What happens to the other sock that goes missing in the washing machine?
This week we have tried to get through as much clothes washing as possible on the days when the sun has deemed it appropriate to show itself and chase the rain away. The house has looked like a Chinese laundry. Underwear hanging from the retractable clothes line in the laundry, jeans and shirts on temporary metal racks inhabiting half the lounge with the heater blowing dry air over them and sad, lonely socks pegged in left over spaces. If they were endowed with anthropomorphism I am sure they would be weeping for the loss of their mate.
“Perhaps it was aliens?” was one answer proffered by Google. Ah, as if they would be bothered to fly all the way from wherever, wait until I do my clothes washing, secretly land (I assume they have drugged the household or time shift so that we remained unawares of their visit) and steal wet, soggy socks. One of them. From each pair. Obviously aliens must be monopedal.
I admit that I do like Sir Terry Pratchett’s theory. (Go read Hogfather some time.) The Eater of Socks was one of the random generation of anthropomorphic personifications, along with Bilious the Oh God of Hangovers and the Verruca Fairy.
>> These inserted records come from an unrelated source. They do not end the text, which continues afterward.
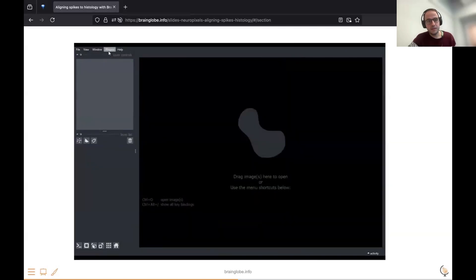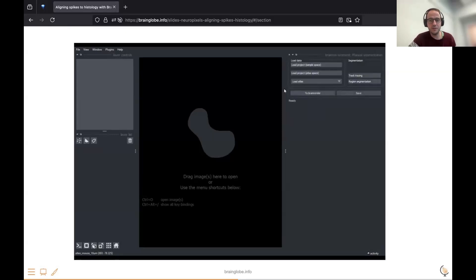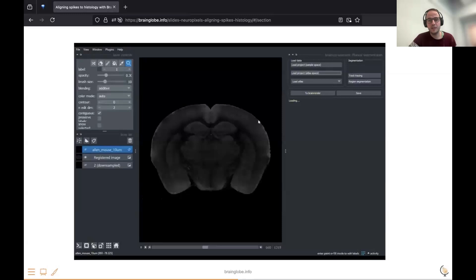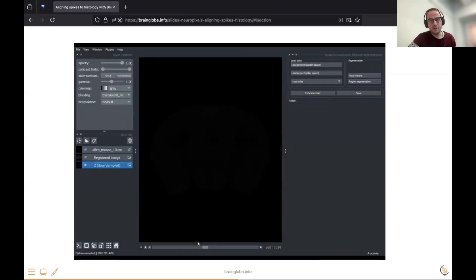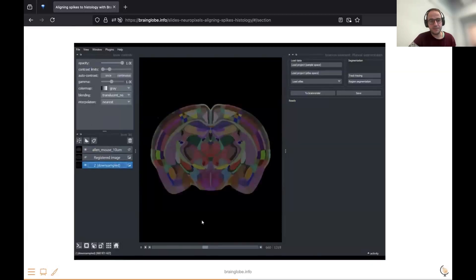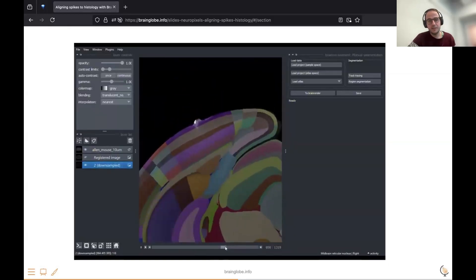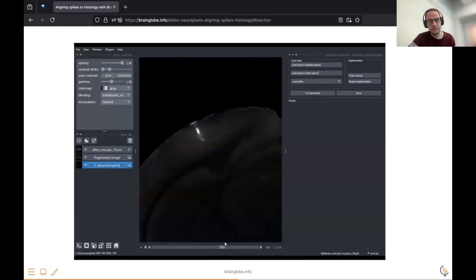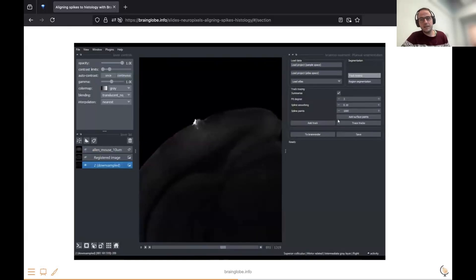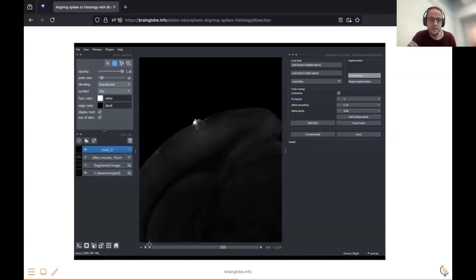Then we have a different tool called BrainGlobe Segmentation. You can load your results from the previous tools, either in the coordinate space defined by your sample or in the coordinate space defined by the atlas — which is more powerful because it allows you to overlay data from several samples. Here we've loaded it in sample space, and you can find the bright, fluorescently labeled probe in your data. Using the track tracing button, you can segment it out manually.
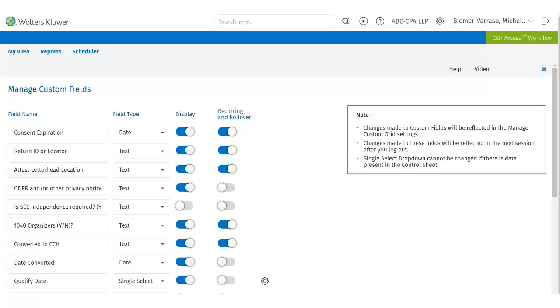Remember, these fields are firm-wide. The custom fields can have a text, date, or single select field. There is also an option to have these fields roll over by suitably updating the Manage Custom Fields utility.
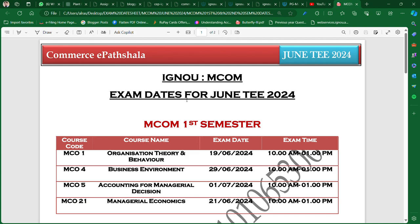First of all, if you are new to our channel then subscribe to our channel and share this channel. You can join our group for just 100 rupees and get all the benefits — you get exam notes and important questions free of cost. It's only 100 rupees for lifetime access. The link will be in the description below. Don't forget to share it with your friends.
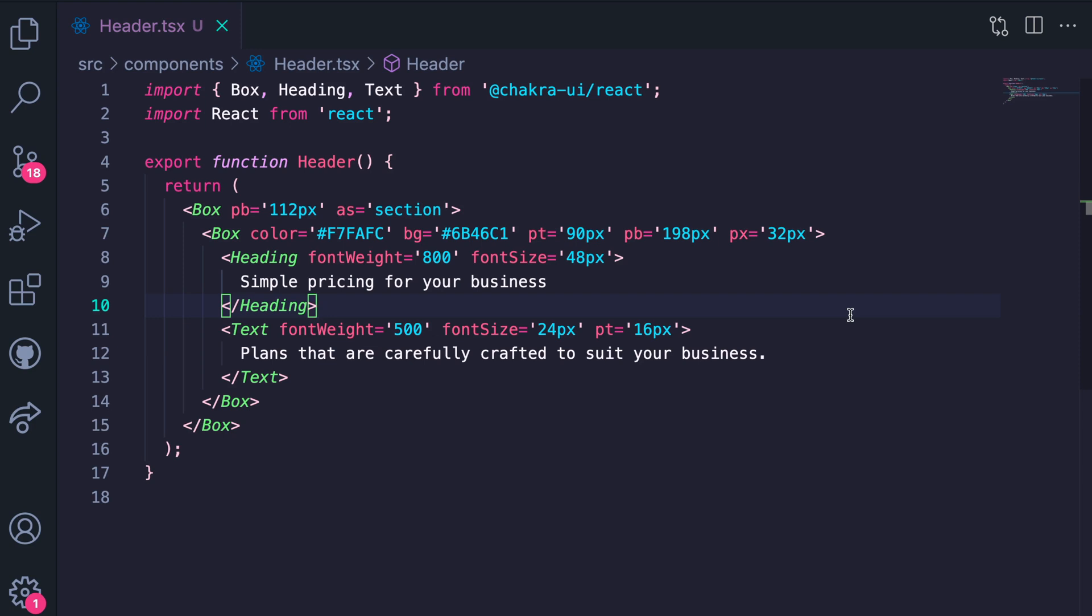Now that we've learned about the default theme and the design tokens, in this video we're going to refactor the code for our UI using these theme tokens. So first we'll be refactoring our header components and we are in header.tsx.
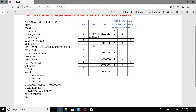Since there are six numbers on which we are finding the smallest element, we initialize the counter R5 to 5. If you have seven numbers, you need to initialize it to 6.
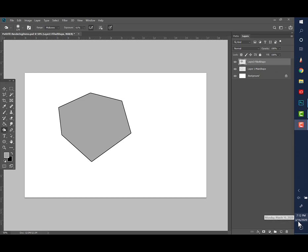Hey, welcome back. We're going to continue with Part 2 of rendering in Photoshop. Where we last left off was creating our path and then using that path to stroke a line and fill the shape, which is what we're looking at right now.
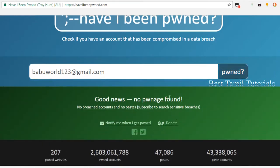If you have a compromised mail ID, you can find the password. You should change the password immediately.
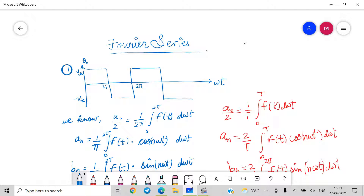We need to learn the basics of Fourier series in order to do analysis for any voltage waveform or current waveform in power electronics. Whatever I am going to teach in Fourier series, if you remember the exact equation for a particular waveform, then it becomes really easy for you to approach problems.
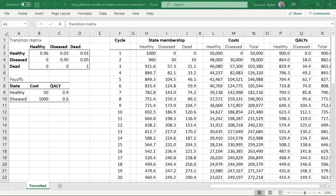This is going to be the first of two videos on how to implement a probabilistic sensitivity analysis in Excel. In this one we're going to be getting our workbook ready to do a probabilistic sensitivity analysis, and then in the next video we're going to be looking at the VBA code that you need to get Excel to actually perform the probabilistic sensitivity analysis.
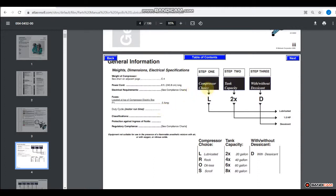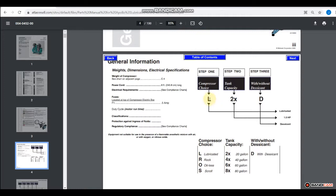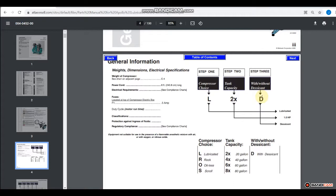So here we have basically three little areas. The first one is a choice between lubricated, rock, oilless, or scroll. So for our purposes, lubricated compressor is the one that we're going to be seeing on that part number. The tank capacity is going to be either 20, 40, 60, or 80 gallon tank based on what that number says, and then the D indicates if there's desiccant.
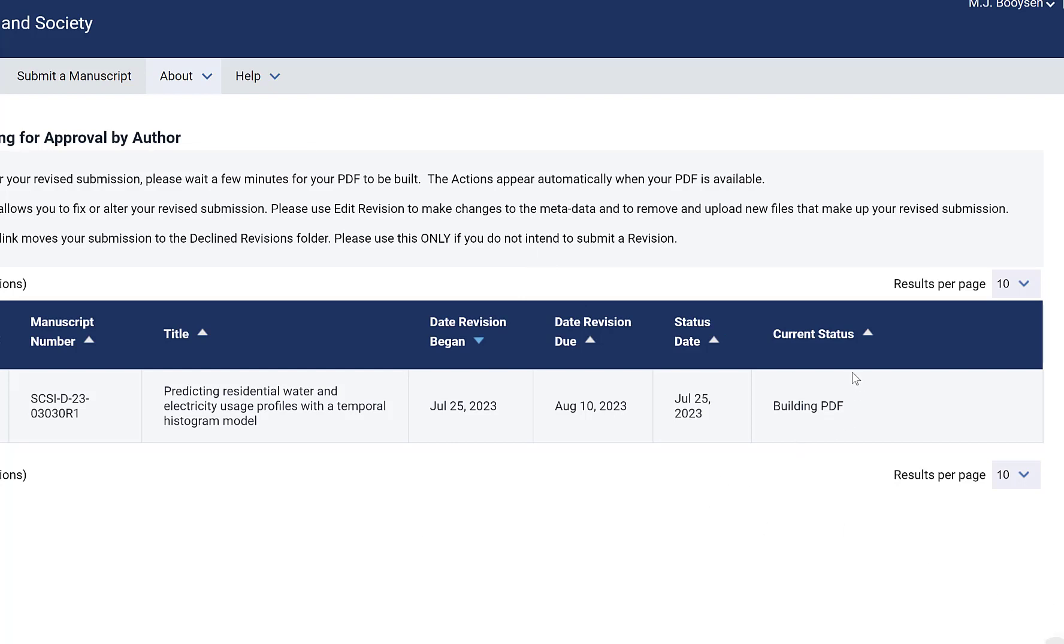This will take some time, but when it comes back I should be able to view the PDF and then you can click submit.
I have checked all around the washing machine in case the socks had been separated at ‘washing machine entry’ and have never sighted an entity that lives near washing machine and has an elephant’s trunk.
Maybe it was the cat. The poor cat gets blamed for almost everything in our house. Mind you, she is very cunning. Having lived almost twice the expected age for her breed (she is now 20 and was expected to only make 10 years – 15 if we were fortunate), she has a lot of experience to draw on. She is the “stealer of sausages from under the lit grilI“, “purloiner of choice bits of steak from unattended plates“, “ice-cream thief” and “hug slut“. But alas she is not, and has never been known as, ‘wearer of odd socks‘.
So what is the answer to the industrial-age old question - What happens to the other sock that goes missing in the washing machine? It is obvious. It is the ‘alien cat summoned forth to personify the Eater of Socks to console all those who are so distracted by their socialising on mobile phones that they cannot keep track of a simple pair of socks and have no one else to blame.”